What Dad really wants is you
Scanning lists of last-minute ideas for a great Father’s Day gift brought only a frown instead.
Because the special day was already so close, one source listed five digital purchases that would send pops over the moon, ranging from a streaming app bundle ($20/month) to digital-only Airbnb tourist experiences ($1 - $200 each) to online workout classes ($27/month).
A well-known Midwestern steak company conducted a survey of 2,000 dads and learned quite shockingly that what most fathers really want is a cold beer and a great steak.
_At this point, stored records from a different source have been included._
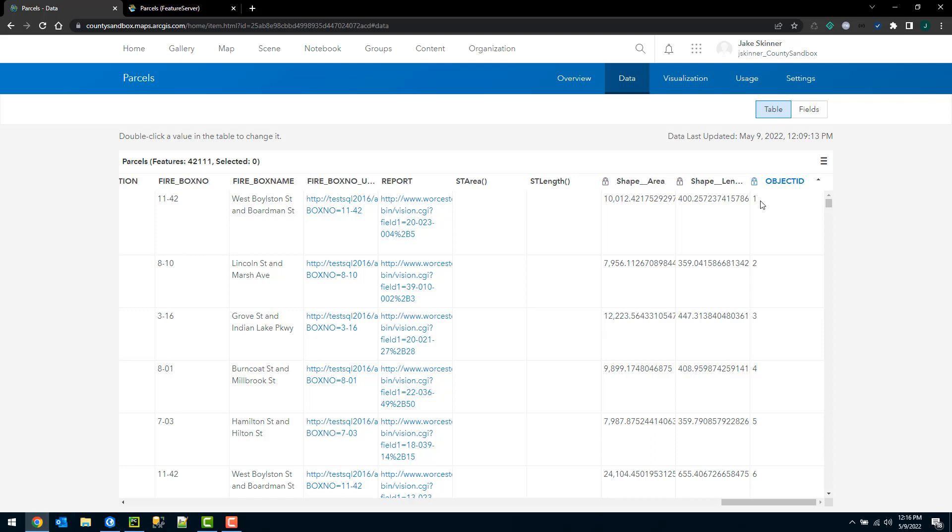So now that I have the Python script working correctly, I can go ahead and configure the Python script to run with Windows task scheduler if I want, where I can have the task scheduler kick off the script at a desired interval and keep my hosted feature service updated as frequently as needed. That's all I have for today. If you have any questions or comments, feel free to post them below.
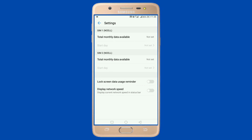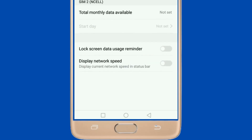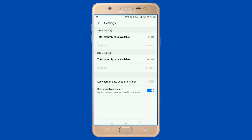There is another option that is really useful — at the bottom, press 'Display Network Speed.' You can then see the Mbps or Kbps speed that your 4G is using. If you disable this, it will go away. This is how you enable or disable your data usage display shown at the top of your screen.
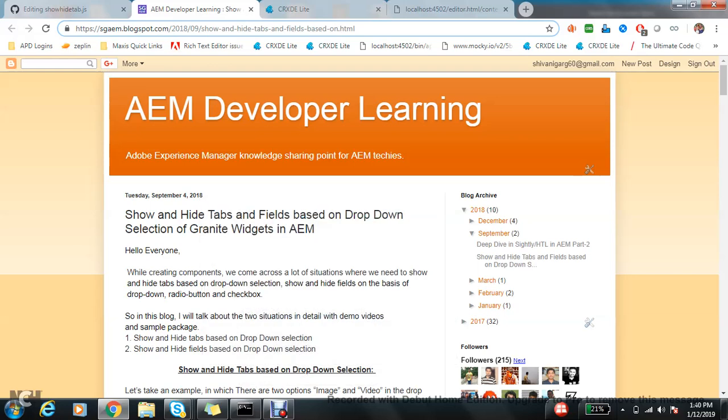Hello everyone, in this video we will talk about show and hide tabs and fields based on dropdown selection of Granite widgets in AEM. You must be thinking why I clearly mentioned Granite, because from AEM 6.1 to 6.4...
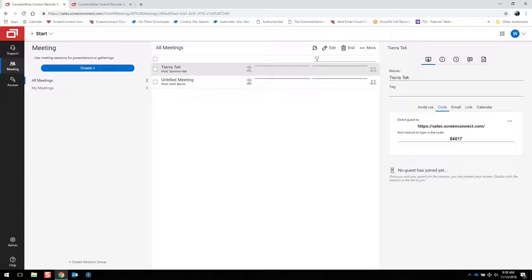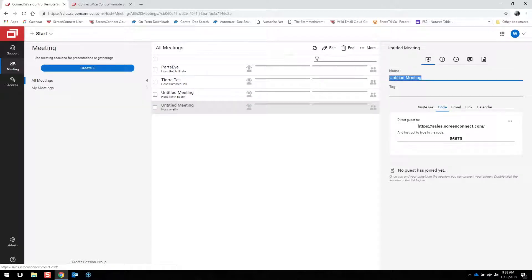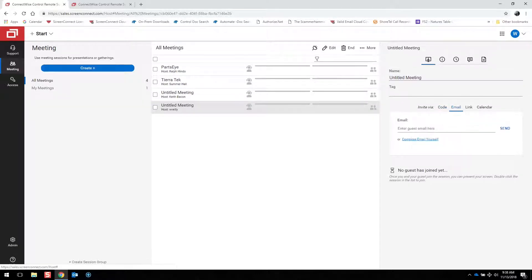Additional features include annotation tools to highlight areas on a shared screen. You'll notice that the look and feel of the meeting function is exactly the same as a support session, so you can create one just as easily and send out a link to join that meeting.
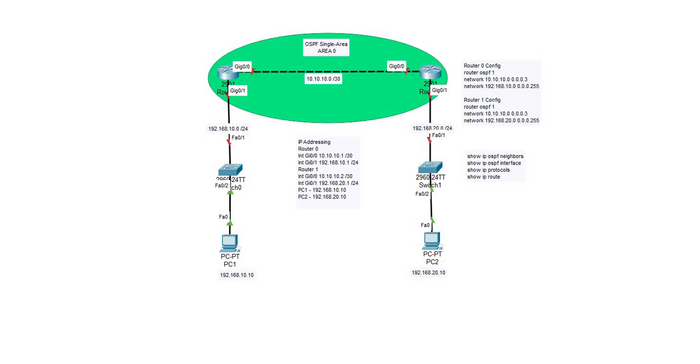Hello and welcome to this lab. I'll be demonstrating how to configure a single area OSPF network, and I have built a lab in Packet Tracer with a couple of routers, switches, and computers.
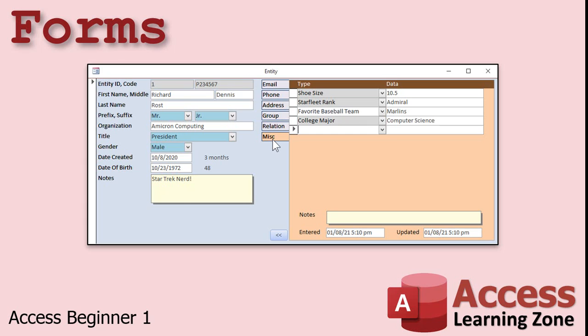You can secure your fields so users can only modify specific fields and can only see other types of data. You may not want all of your employees pulling up credit card numbers, for example.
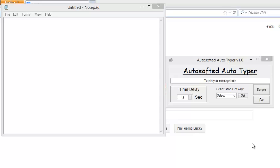Hello everyone. Today I'm going to be introducing the Autosofted Autotyper, which is a very simple program to use.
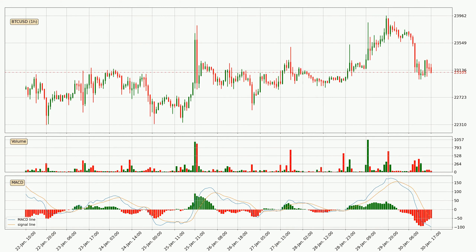Looking at the hourly MACD, the trend is currently going down because the MACD line is below the signal line. However, it's expected for the price to remain the same for some time because the MACD histogram shows that the momentum is shifting upwards. You should wait and see if the MACD line will cross the signal line, which will be bullish.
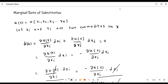In this video lecture we will discuss the marginal rate of substitution, its meaning and its derivation. We will also clarify whether the marginal rate of substitution depends upon the functional form of the utility function or not.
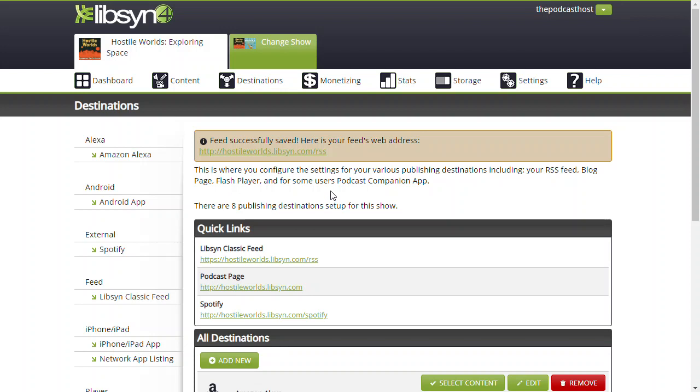That's all you need to do. Remember, if you're having trouble with this, check us out at thepodcasthost.com/academy where you can get live coaching, courses, and all that kind of stuff. Thanks very much for watching, and I'll see you on the next one.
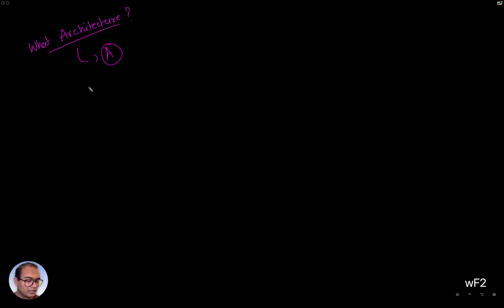All right, so we left off wanting to understand what architecture is essentially and then what the A in V8A means, right?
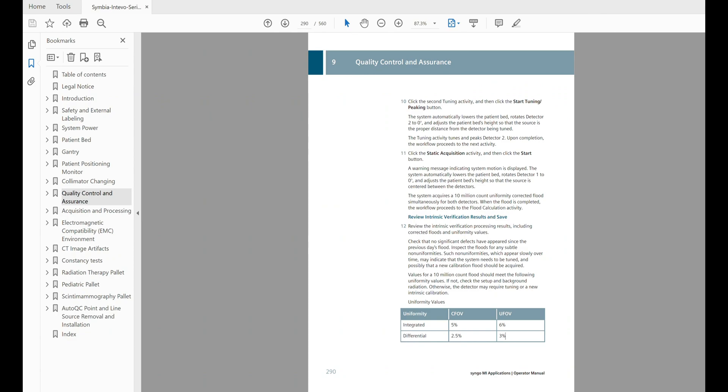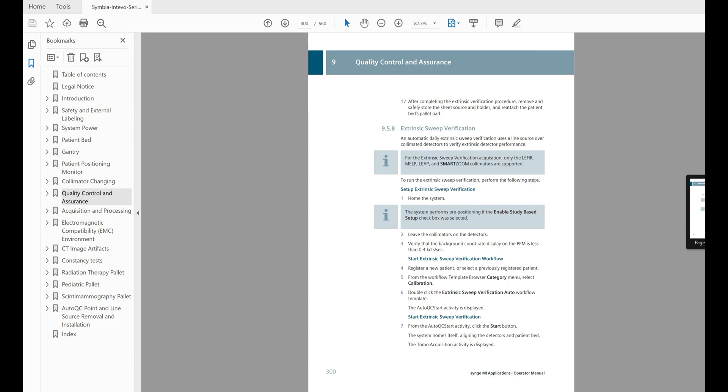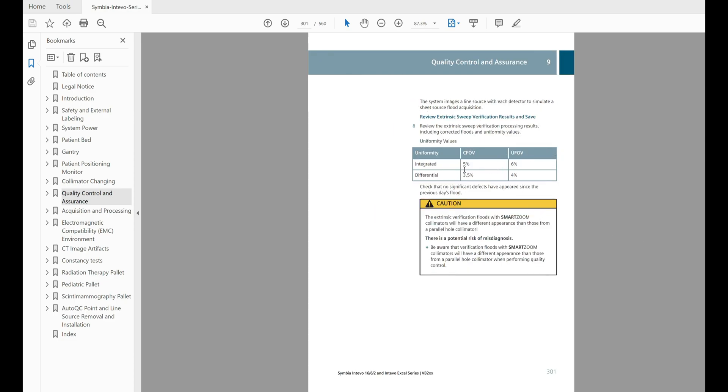For the differential UFOV it's three percent, and for the differential CFOV it's two and a half percent. Now these are all intrinsic values for 10 million counts — these values will be different for extrinsic. Flipping over to page 301, we see the extrinsic values. We still have six percent and five percent for the integral UFOV and CFOV; however, for the differential we're now at four percent and three and a half percent — slightly higher on the extrinsic differential.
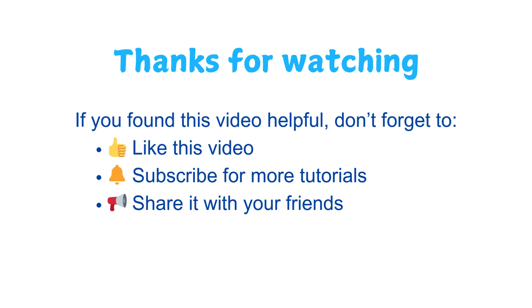Kaggle datasets are an amazing resource for learning data science and building real world projects. Whether you're practicing machine learning, deep learning, or data visualization, there's a dataset for you. If you found this video helpful, don't forget to like the video, subscribe for more tutorials, and share it with your friends. Thanks for watching and see you in the next one.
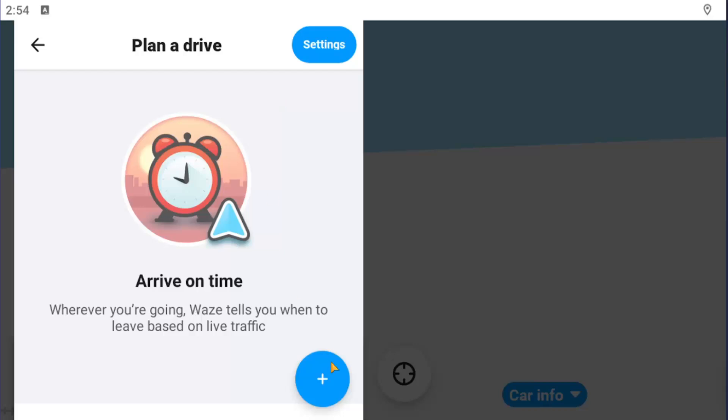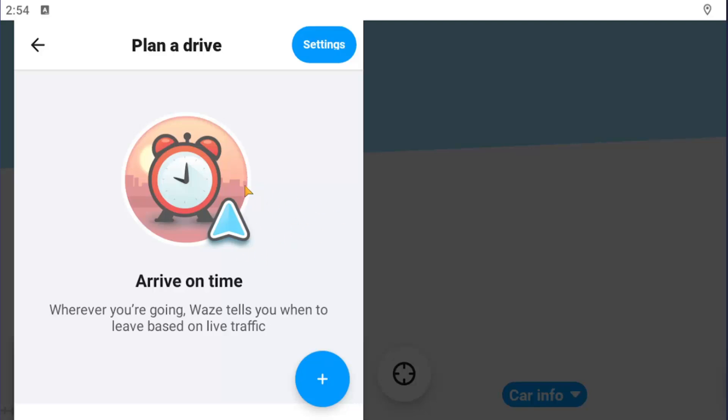But again, you would just plan the drive and then select the plus, type in the location, and then it would allow you to select what time you want to arrive. And it will give you suggestions as to when to leave, as well as notifications coming up on the time of departure that it suggests that you leave.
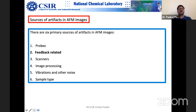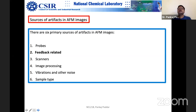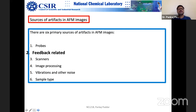Next topic is feedback-related artifacts. When you are chasing the setpoint too closely — PID readings are too tight, gain is too high — you start getting wavy-pattern noise in the images. You have to be careful with this. Feedback-loop-related artifacts are easy to identify. With enough experience, you can identify whether a problem is probe-related or feedback-related.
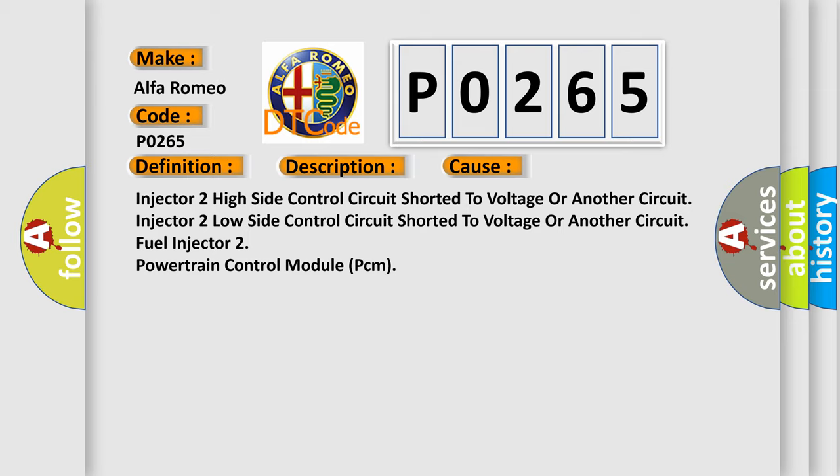Injector two high side control circuit shorted to voltage or another circuit. Injector two low side control circuit shorted to voltage or another circuit. Fuel injector two.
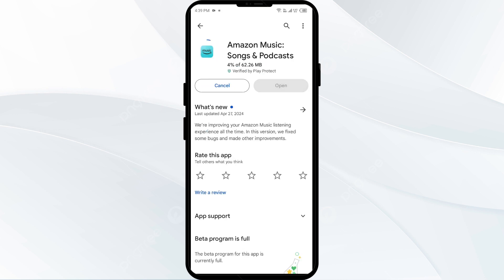If none of the above methods work, the issue may be that the Amazon Music app server is down. In such cases, you may need to wait for some time and try again later. Thank you for watching our video — we hope these solutions help resolve the Amazon Music app issue for you.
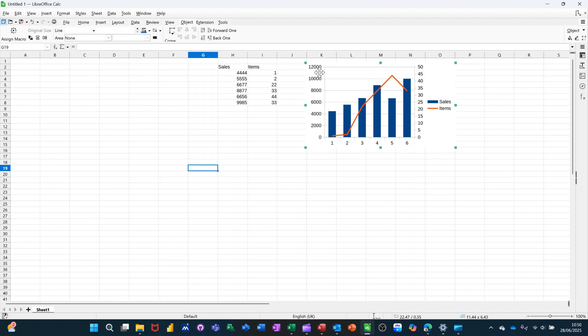So in this example, I've got money down this left hand side and quantities down this right hand side. The line part is looking at this. The column part is looking at these. And this is the data that I've used.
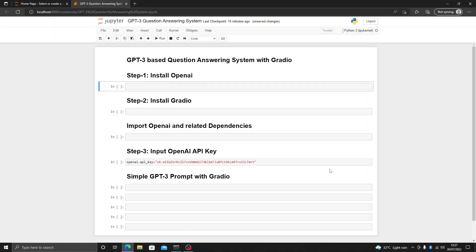Hello everyone, today we are going to discuss how you can develop a question answering based system with the help of OpenAI GPT-3 and Gradio.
The Omaha Steaks survey revealed these are the things Dad covets today:
1. An ice-cold beer: 36 percent
2. Juicy steak dinner: 35 percent
3. Glass of whiskey: 31 percent
4. Phone call from his family: 31 percent
5. Peace and quiet: 30 percent
6. A physical expensive gift (tech, smart phone, etc): 26 percent
7. Watch whatever he wants on TV: 24 percent
8. To be left alone: 23 percent
9. To sleep in: 23 percent
10. Sports back on TV: 22 percent
11. A cheaper practical gift (socks, tools, etc): 21 percent
But is Father’s Day really about more booze and less time interacting with the people who mean most to us in the world? While COVID-19 and distance have conspired to make family get-togethers much more challenging than usual, forcing many dads with adult children to look upon each other through internet windows, the goal should not be forgotten:
A family-oriented holiday like Mother’s or Father’s Day should be built on experiences, not gadgets or gimmicks. In fact, it’s the accumulation of memories and memories alone that last, that bathe the most thoughtful, loving fathers in the soft and gentle light of immortality.
Not that there’s a darned thing wrong with a good steak. Just make sure there’s enough for the whole tribe as soon as you can, then relish every bite and every minute you have together.